Spring has spring and the pasture of the South Coast’s dairy farms have fired back into life. This means that the fat content of the milk is back on the rise which means it’s the perfect time to make your own butter. You don’t need any fancy equipment, just a stand mixer and I can guarantee you that once you make your own, it’s very hard to go back to the store bought stuff.
1L of the best cream you can find. (I suggest the cream from the Tilba dairy, not that I’m biased or anything!)
A good pinch of salt.
Pour the cream into the bowl of a stand mixer with a whisk attached. Slowly start to whisk the mixture until the cream starts to take on air and increase in volume. Graduallly increase the speed to as high as you can without spraying cream all over your kitchen. While the cream is whisking, set up a colander over a large mixing bowl and line colander with muslin or chux cloth. As the cream continues to whisk, you’ll notice that it will start to become more granular in appearance and will look increasingly yellow. Continue whisking until the cream has distinctly separated into butter and buttermilk. If there mixture is wet but not split, it’s not there yet, wrap a tea towel around the top of the bowl to stop the buttermilk spraying everywhere and continue whisking on a high speed until the butter and buttermilk have separated.

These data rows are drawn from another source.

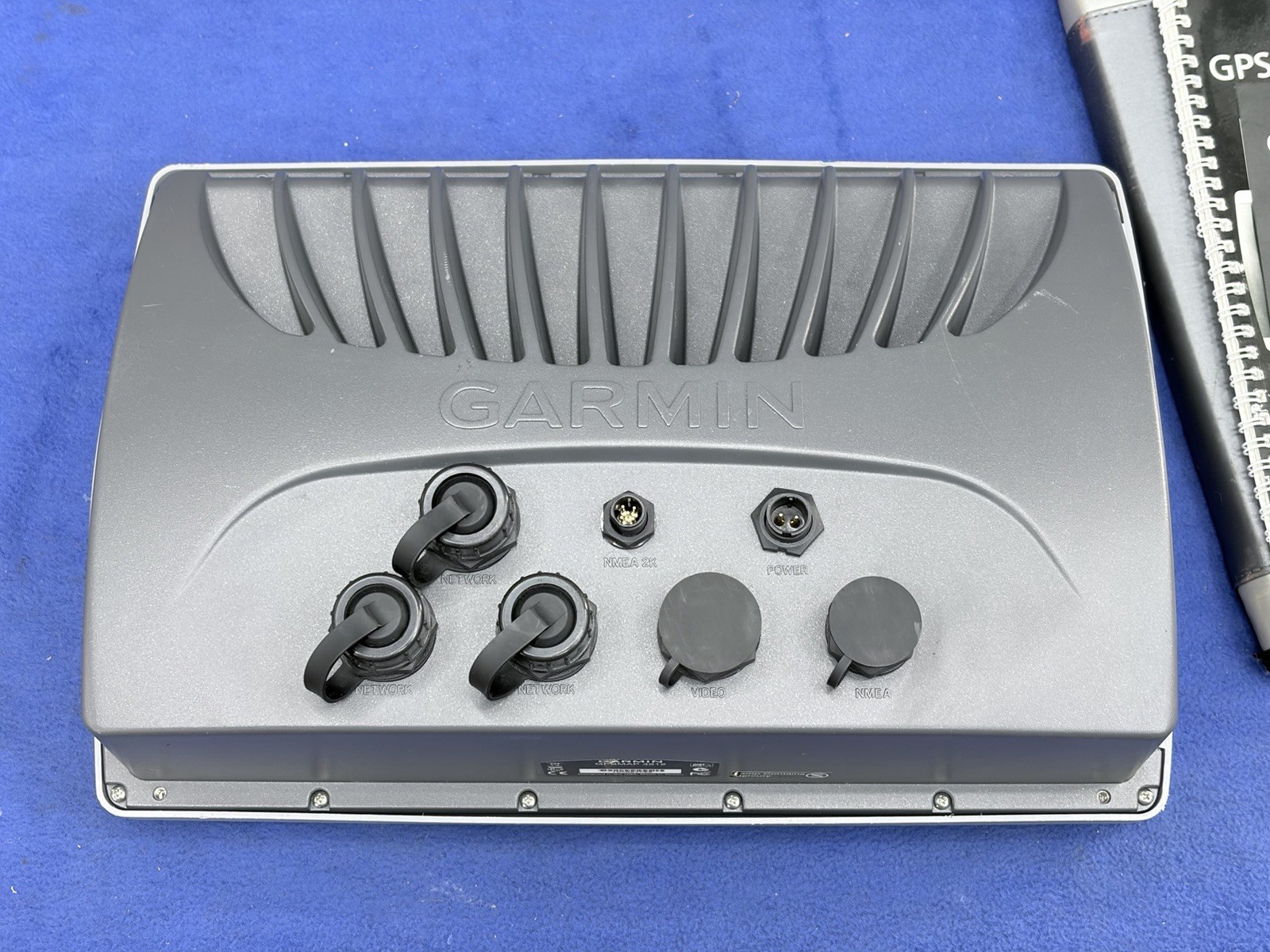 Garmin GPSmap 4212 GPS Chartplotter Multifunction Display W/ Cover- VERY CLEAN!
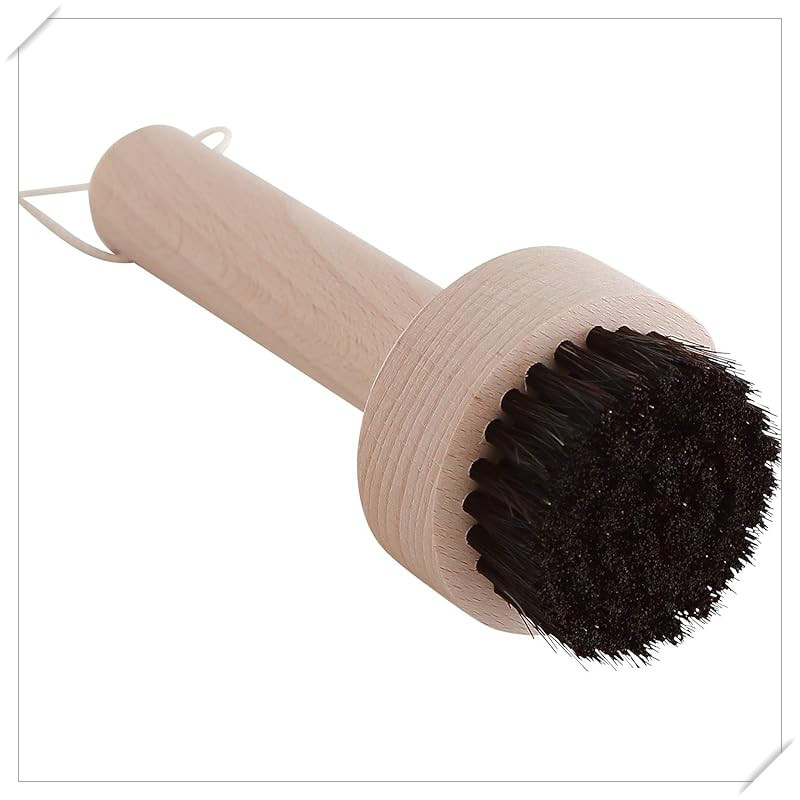 Brush Cleaner for Tabi - Specially for Washing Tabi - Kanaya Brush Tabi Washing Brush - Round Brush 
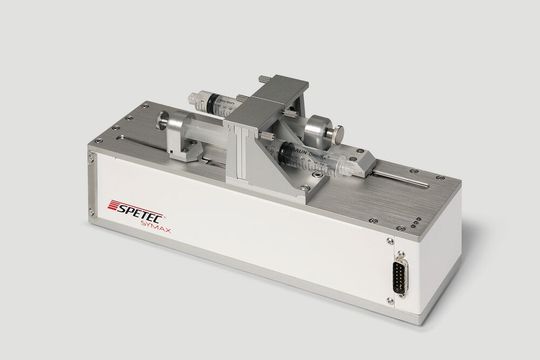 Die Symax Doppelhub-Spritzenpumpe Die Symax Doppelhub-Spritzenpumpe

Once the mixture has split, pour the contents of the mixing bowl into the colander. The buttermilk will pass through into the bowl below and the butter will remain in the cloth. Wrap the butter up and give it a good squeeze to remove more of the buttermilk. Pour the buttermilk into a suitable vessel and keep it in the fridge to make pancakes, scones or fried chicken.
To finish the butter, throw a tray of ice cubes into a bowl of cold water and give the ball of butter a good squeeze between your fingers while submerged in the water to squeeze out the last of the buttermilk. Give the butter a good shake over the bowl to get rid of any excess water and then transfer the butter to a sheet of baking paper. Massage a good pinch of salt in to the butter, taste it and add more if you desire. Once the you’ve seasoned it to perfection, then wrap the mixture up into a log and keep in the fridge for up to 2 weeks.
Serve by generously lashing the butter onto a piece of warm baguette.